Ainsi, que l’on interroge la morale populaire ou la science, le résultat est le même. Des grandes dames aux ouvrières en passant par les petites bourgeoises, il n’y aurait pour les femmes qu’une seule vocation légitime : abnégation et sacrifice de soi. Historiquement et jusqu’à une période relativement récente, l’accès des femmes à la monnaie est conditionné explicitement par ces deux formes d’obligations : dépendance et devoir social. Les femmes n’ont aucun droit sur leurs revenus, même leur propre salaire ; en même temps, elles ont en charge la lourde responsabilité de gérer rationnellement le budget familial. Gestion parcimonieuse, épargne, prévoyance font pleinement partie de leur devoir social. Le revenu féminin prend alors une connotation de salaire d’appoint cantonnant les femmes dans un statut de dépendantes. Cette notion de salaire d’appoint se manifeste tout d’abord de manière tout à fait objective, à travers l’infériorité des salaires féminins. L’argument de la dépendance est invoqué à la fois pour expliquer et justifier cette infériorité. À cet égard, il est frappant de voir à quel point l’histoire se répète puisque les arguments contemporains ne sont guère différents de ceux du siècle dernier. Cette notion de salaire d’appoint revêt également un caractère foncièrement subjectif, et c’est ici que les vertus neutralisantes de l’instrument monétaire révèlent leurs limites.

Le fait que les femmes puissent disposer de leurs propres revenus représente une menace pour la division sexuée des rôles dans le couple : différencier les revenus en autorise cependant le maintien. Les flux monétaires, en apparence homogènes, sont investis d’une signification qui leur confère une existence propre, indissociable de l’identité de celui qui en est à l’origine. Choisir d’affecter le revenu féminin à des dépenses, non seulement précises, mais surtout secondaires - quel que soit finalement l’usage réel qui est fait, plusieurs enquêtes soulignant le décalage entre discours et pratiques -, permet de perpétuer l’image d’un salaire d’appoint dont ne dépend pas la survie familiale.

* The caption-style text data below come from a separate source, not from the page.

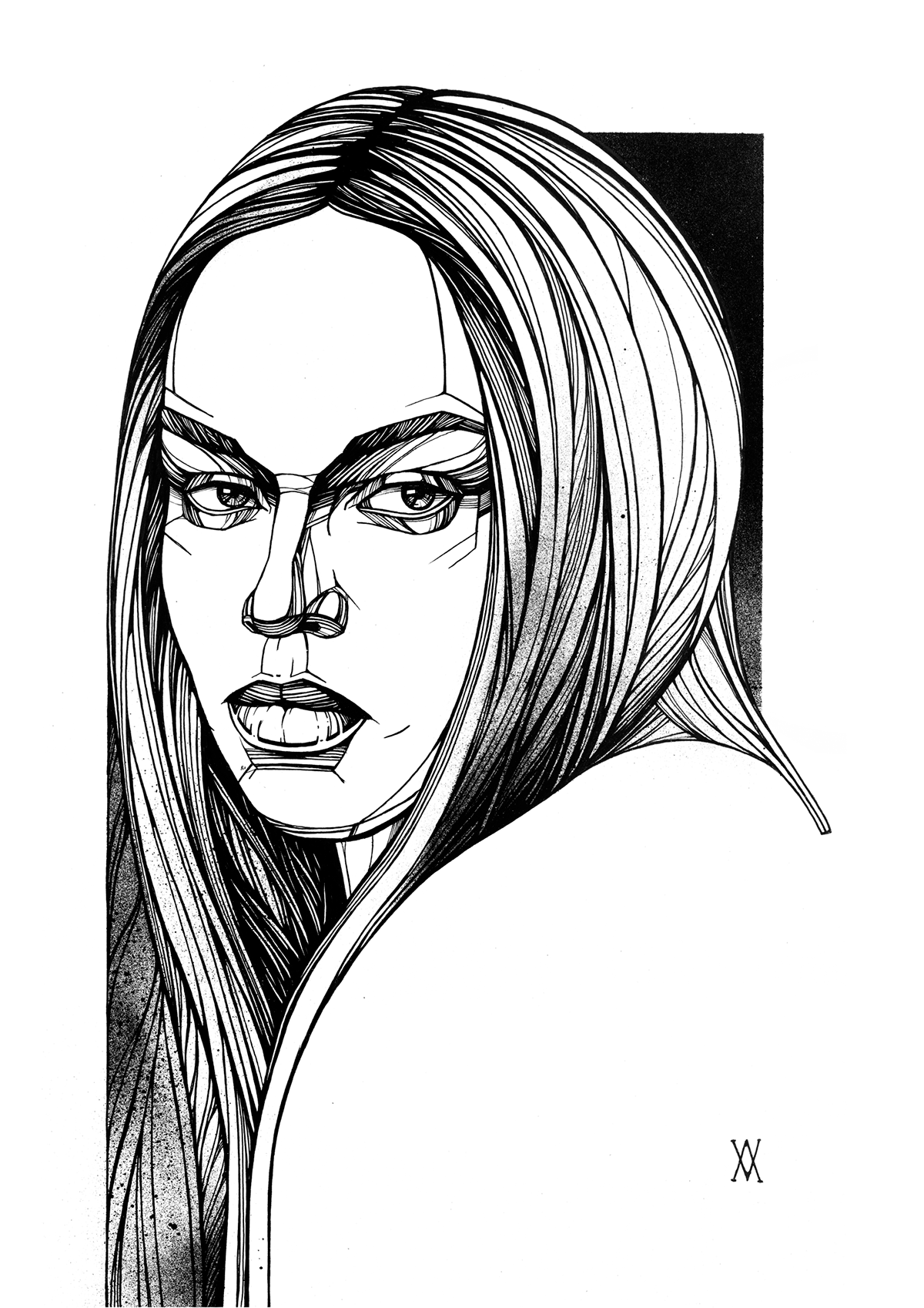 female graphic ink line portraits woman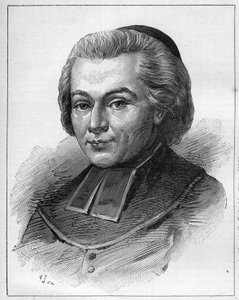 Portret Abbe Fabre lub Jean-Baptiste (Jean Baptiste) Fabre (1727-1783), francuskiego duchownego i pisarza. Grawerowanie w „”Le Monde Illustré”” autorstwa Unknown artist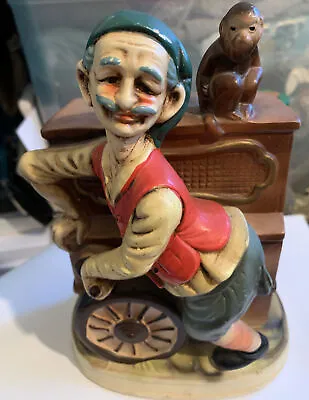 Sankyo 1960's Ceramic Painted Organ Grinder Monkey Music Box Japanese Vtg. • $39.99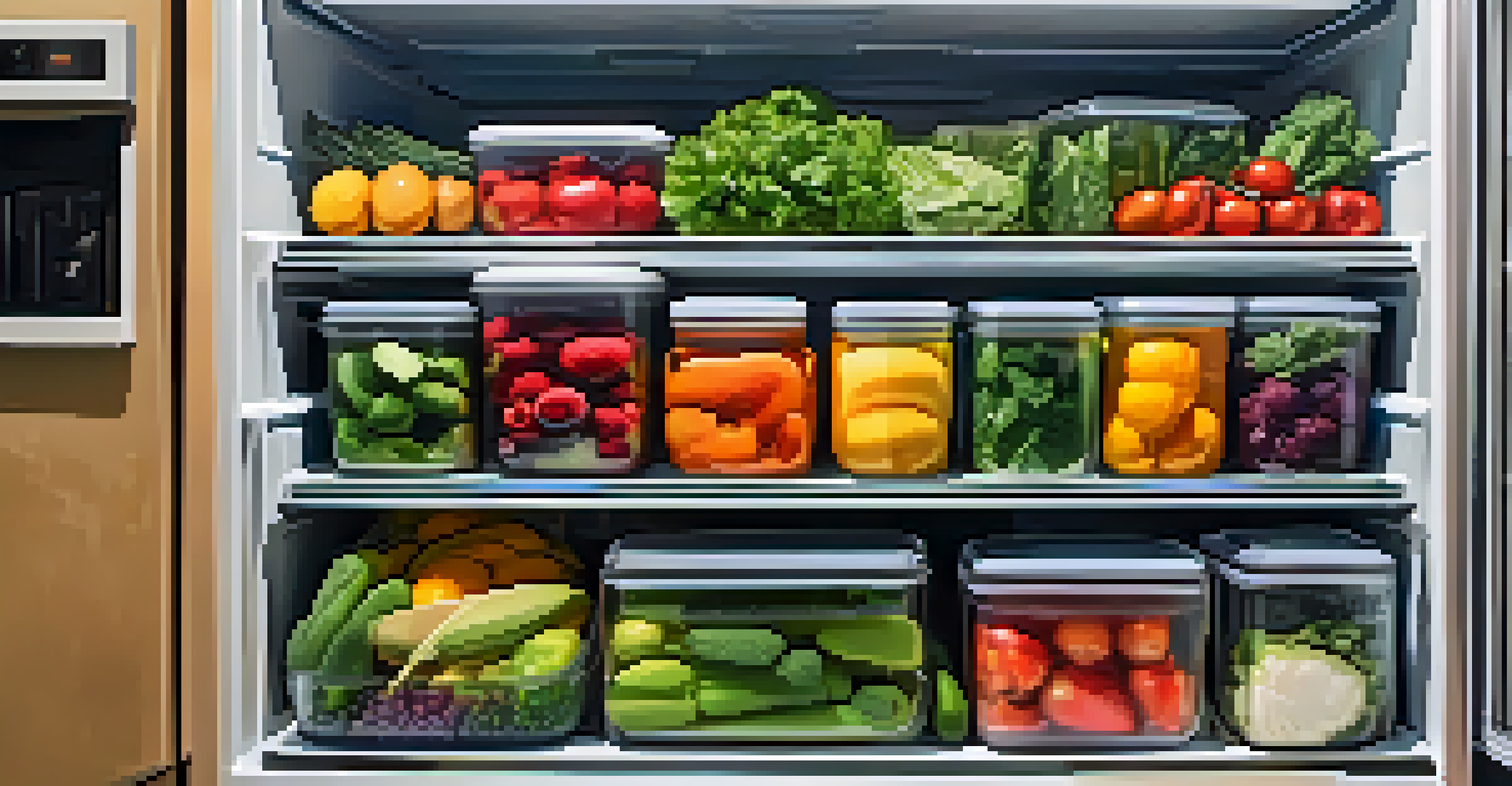 A well-organized fridge filled with fresh fruits and vegetables in clear containers, displaying a vibrant assortment of raw ingredients.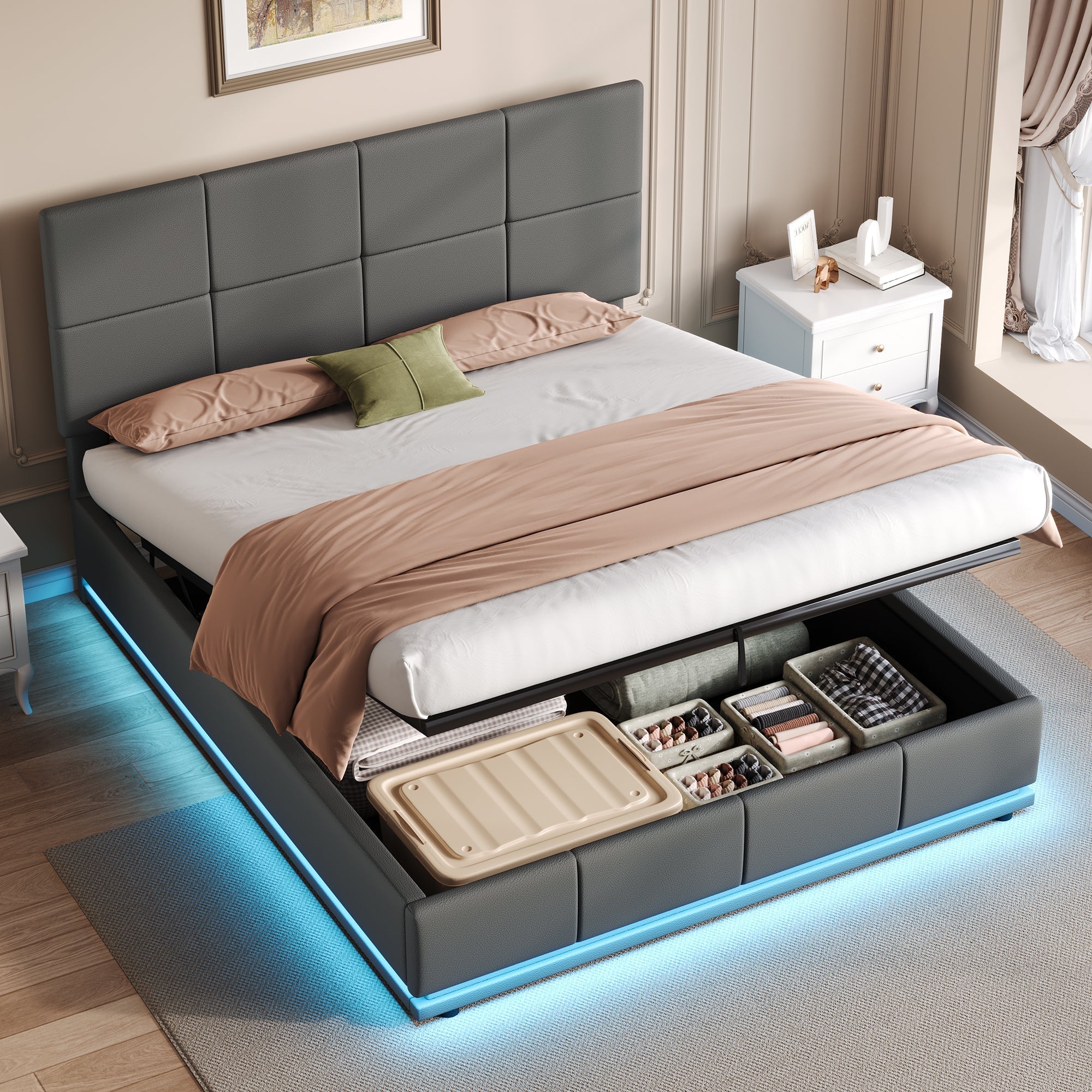 Ottoman Double Bed with LED Lighting, Hydraulic Storage, Adjustable Square Tufted Headboard, Grey PU Leather (No Mattress)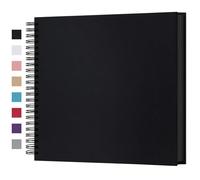 potricher Álbum de fotos grande de 30,5 x 30,5 cm, 80 páginas de papel kraft grueso en blanco, libro de recuerdos para bodas y aniversarios familiares (negro, 30,5 cm)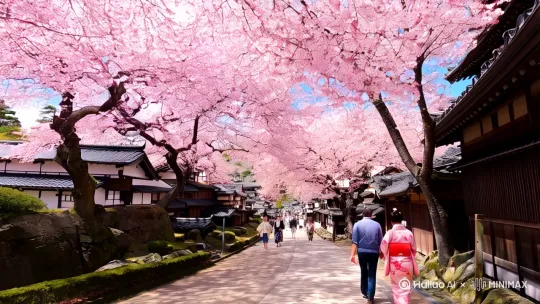 “阳光明媚的春日，樱花盛开的日本京都街头，以第一人称视角漫步，微风轻拂花瓣飘落，周围人群身着传统和服，镜头跟随脚步移动，展现古色古香的街道与特色建筑” by Hailuo AI Video Generator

La « valeur » monétaire est finalement reléguée au second plan. Le rôle de l’unité de compte comme équivalent général trouve ici ses limites. Le salaire féminin n’est pas un flux monétaire neutre, au sens où il serait détaché de tout jugement : il subit un processus d’appropriation. Toutefois, cette pratique d’étiquetage n’est pas une attitude systématique destinée à se perpétuer à travers le temps : il s’agit davantage d’une convention que les acteurs manipulent à leur guise pour exprimer et orienter le sens et la nature de la relation conjugale.

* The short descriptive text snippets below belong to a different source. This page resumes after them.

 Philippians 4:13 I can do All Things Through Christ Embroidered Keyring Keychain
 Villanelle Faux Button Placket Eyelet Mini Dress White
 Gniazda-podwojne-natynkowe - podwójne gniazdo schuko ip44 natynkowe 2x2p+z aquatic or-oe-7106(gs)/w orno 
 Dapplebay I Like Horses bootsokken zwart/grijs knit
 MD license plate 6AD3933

Revenons pour finir sur la portée du raisonnement et des données proposés dans ce chapitre. Nous l’évoquions en introduction, la finalité de celui-ci n’était pas d’offrir une image fidèle et implacable d’un groupe précis de femmes, relatif à un territoire donné, au cours d’une période déterminée : elle a consisté à reconstituer un processus. C’est pourquoi nous n’avons pas hésité à multiplier les sources, les périodes, offrant ainsi au lecteur un tableau quelque peu foisonnant.

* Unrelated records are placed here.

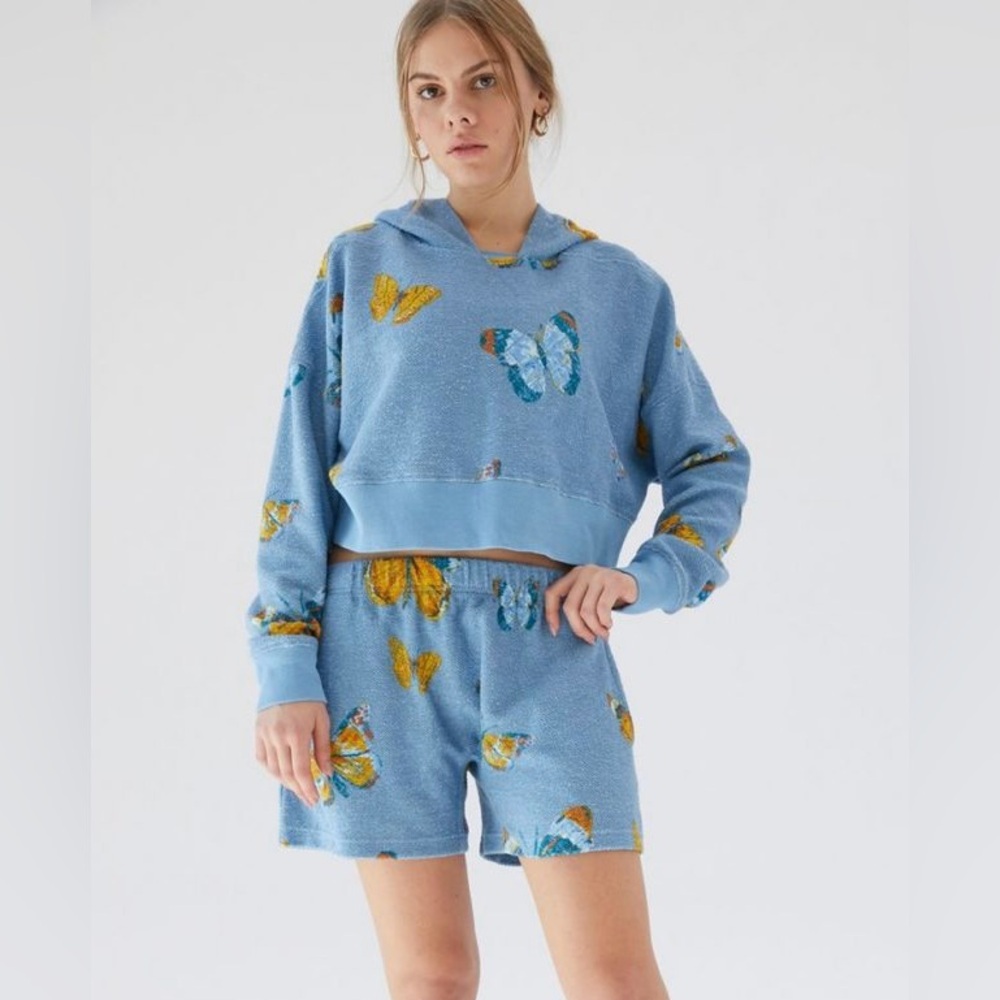 Urban Outfitters Cropped Butterfly Sweatshirt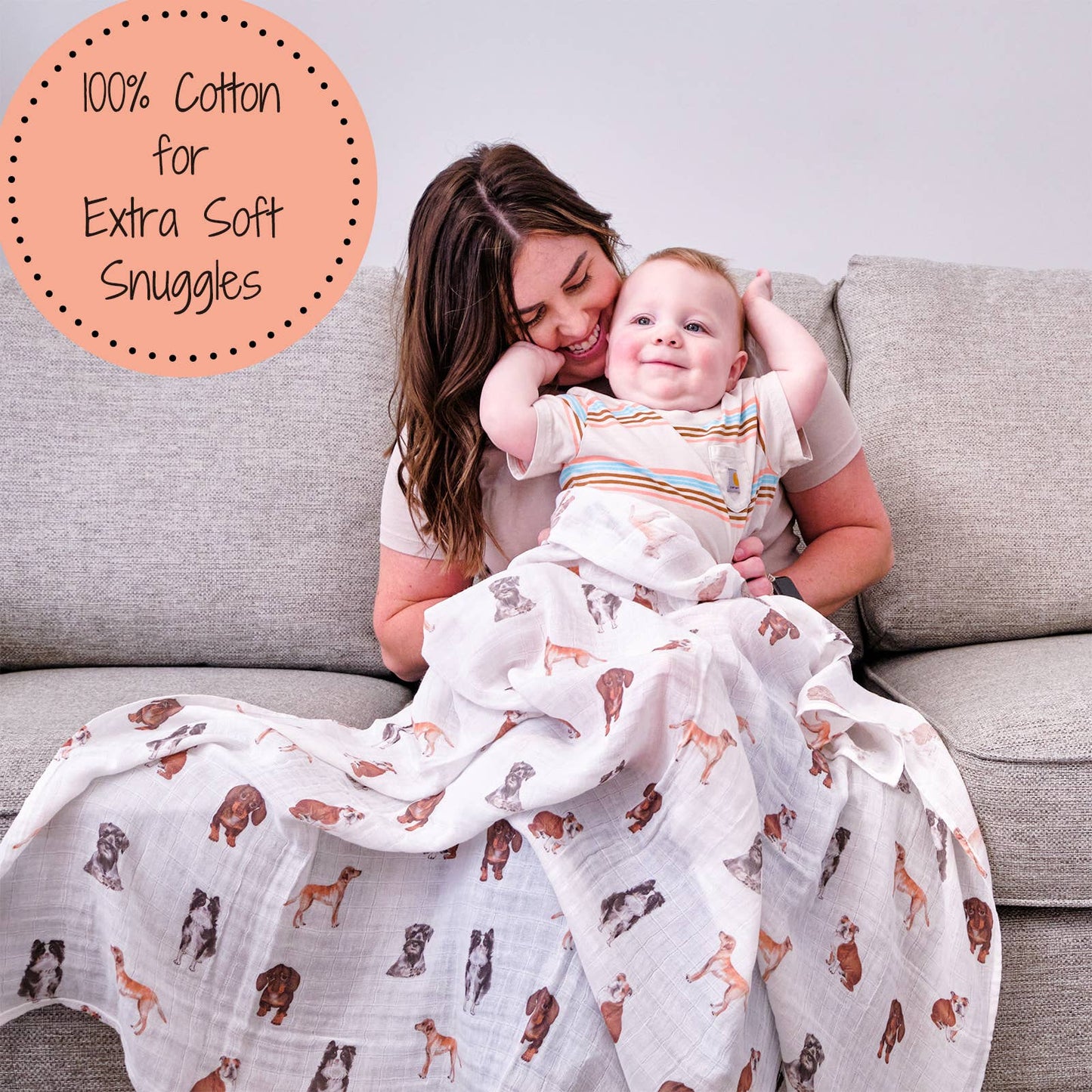 LollyBanks Doggone Cute Baby Muslin Swaddle Blanket 47x47 Doggone Cute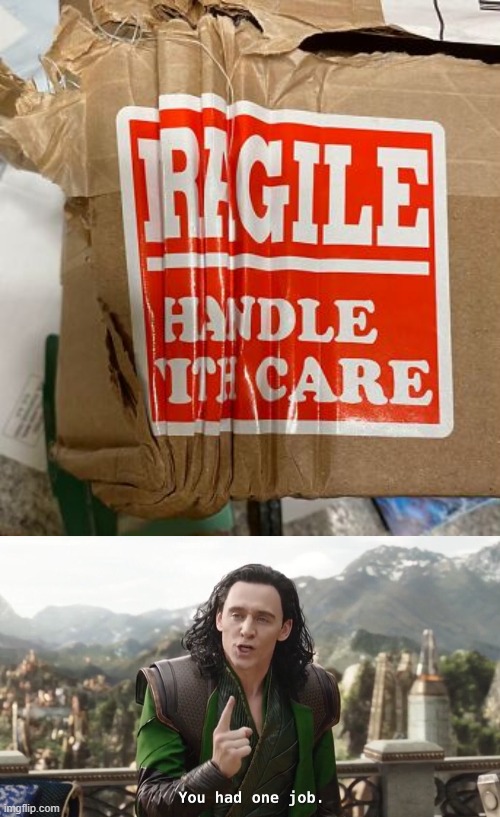 job had delivery guy one | image tagged in you had one job just the one,packege,it says fragile dumahh | made w/ Imgflip meme maker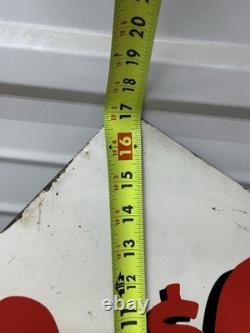 Vintage SUN OIL NO MONEY DOWN Tire Sign Gas Station Double Sided Metal OLD SIGN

La situation n’incite guère à l’optimisme. Pourtant, insister sur l’inertie des représentations et des normes sociales ne doit pas occulter leur potentiel d’évolution. Constater la dimension sociale de l’instrument monétaire ne doit pas non plus masquer ses vertus émancipatrices. La division sexuée des droits et des obligations ne saurait être un processus inéluctable de domination sur lequel les femmes n’auraient aucune prise, et l’accès à la monnaie fait précisément partie des moyens possibles. Les progrès enregistrés par la condition féminine au cours des deux derniers siècles en sont la première illustration. En soulignant les effets d’autorenforçement et de décalage, nous n’avons guère évoqué le rôle pourtant essentiel des femmes elles-mêmes, premières actrices de l’évolution de leur propre condition. C’est sur ce point que nous allons poursuivre dans le chapitre suivant en mettant en évidence, à partir des trajectoires entrepreneuriales des femmes sénégalaises, les capacités de réaction, de résistance et de contournement dont elles font preuve face aux obligations qui leur sont imposées, et le rôle de la monnaie dans cette transformation.